▸ **Provided entries**:
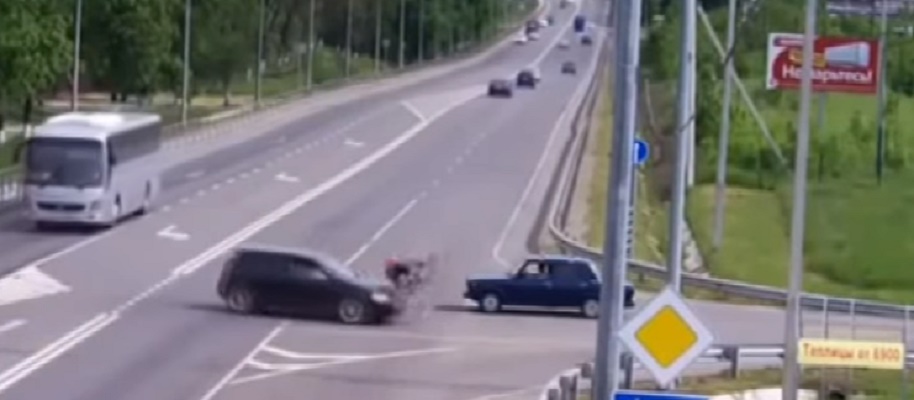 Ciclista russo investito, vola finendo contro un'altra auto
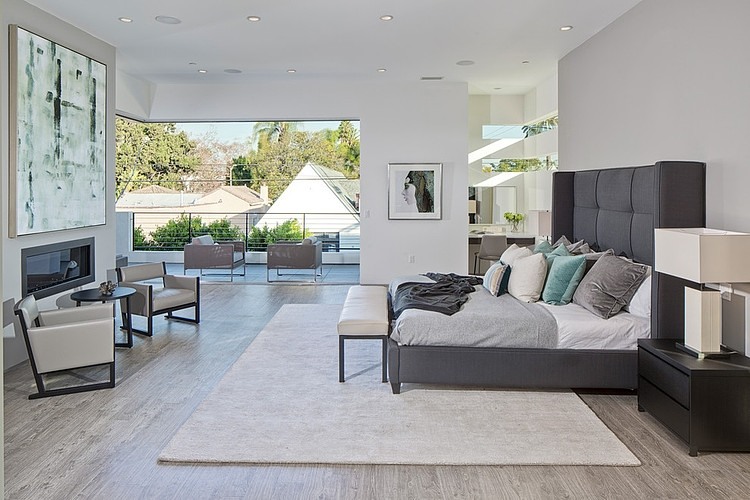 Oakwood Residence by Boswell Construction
* * *
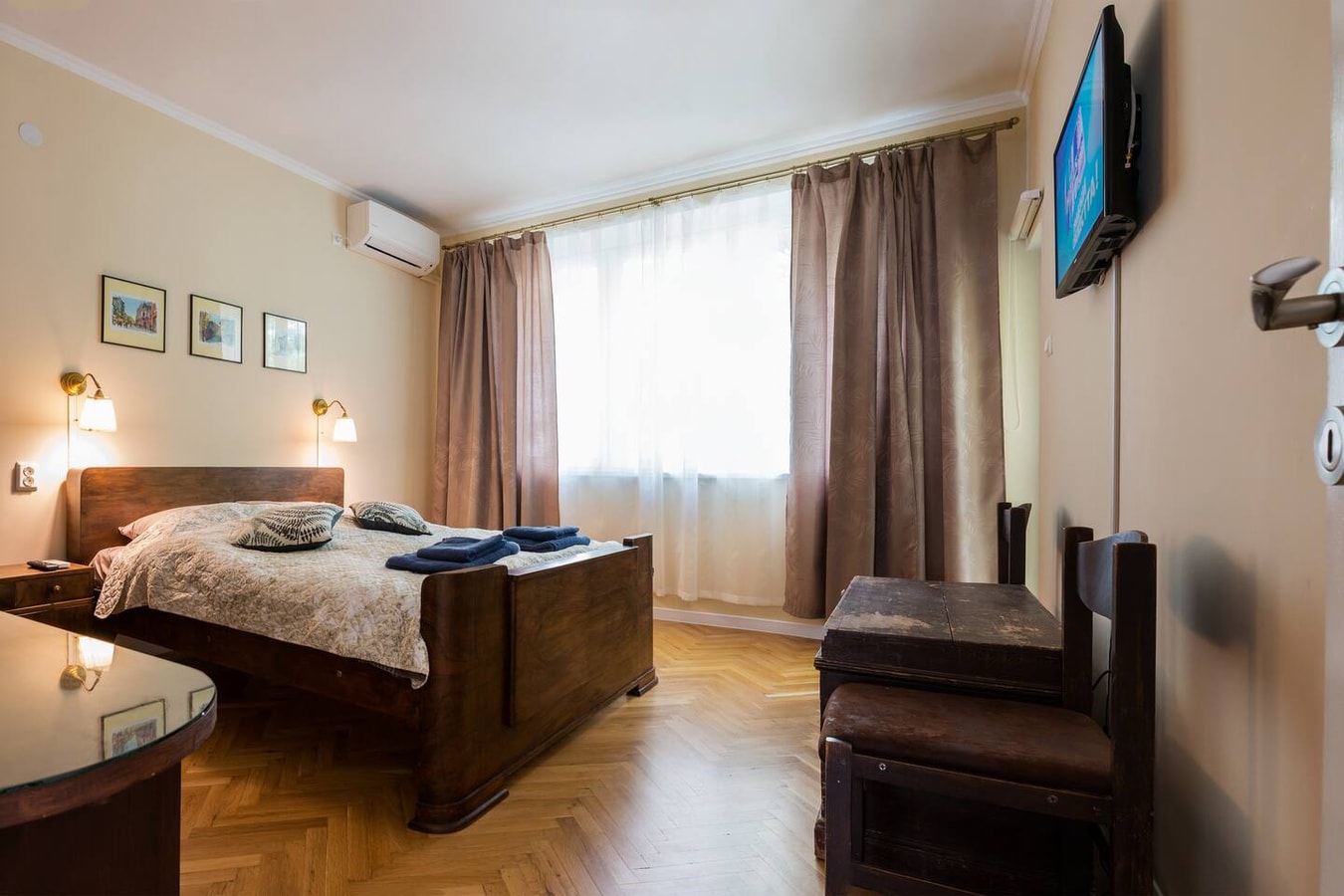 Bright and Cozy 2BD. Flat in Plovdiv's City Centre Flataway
---
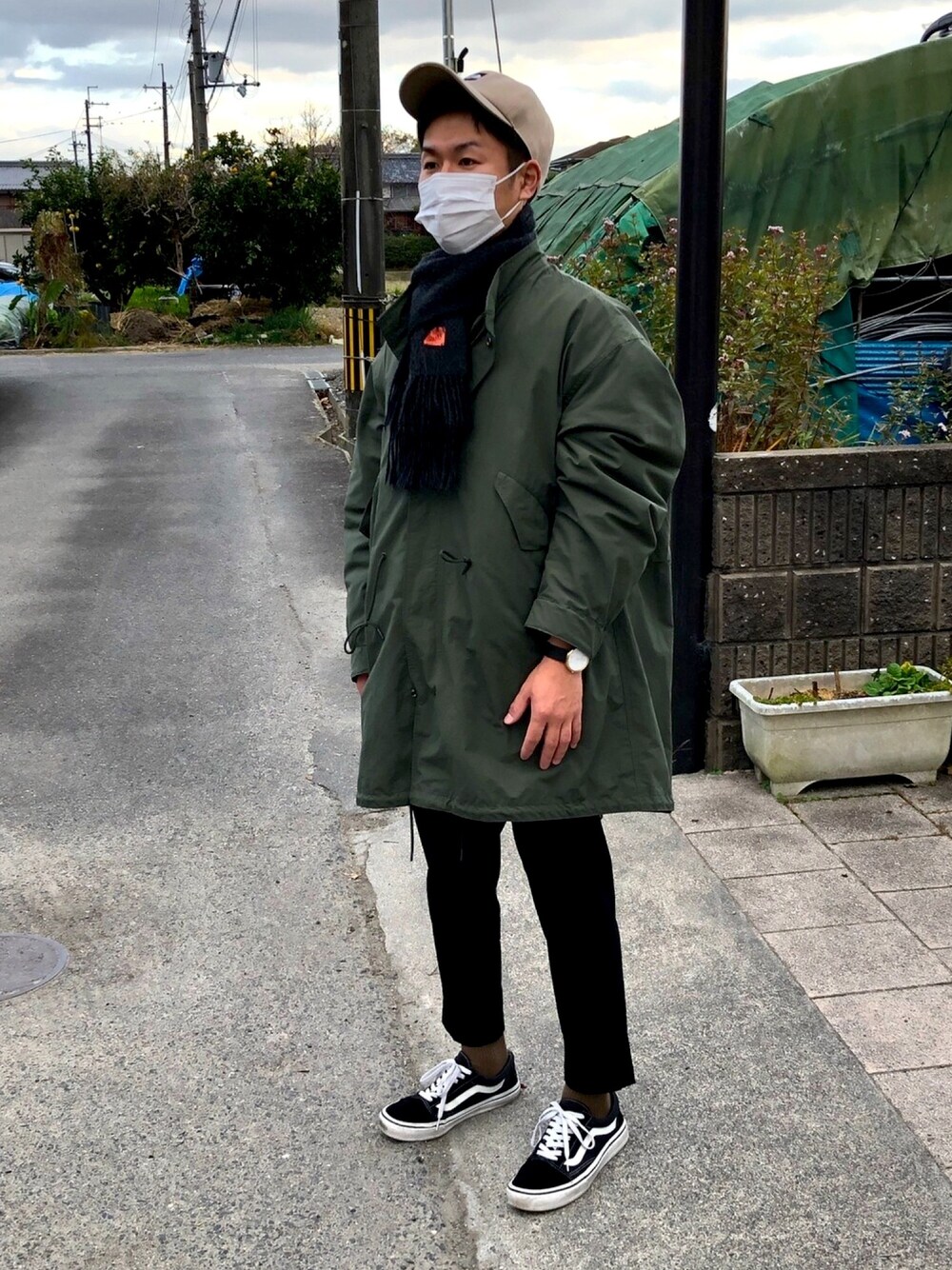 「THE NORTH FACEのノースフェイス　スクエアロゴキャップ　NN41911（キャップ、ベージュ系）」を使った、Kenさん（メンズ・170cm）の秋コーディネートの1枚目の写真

▸ **Your task**: Reproduce the listing above only between the lines holding "Ciclista russo investito, vola" and "Oakwood Residence by Boswell Construction", inclusive. Every line must match exactly, and pictures are dropped.

▸ **Output of the exercise**:
 Ciclista russo investito, vola finendo contro un'altra auto
 Oakwood Residence by Boswell Construction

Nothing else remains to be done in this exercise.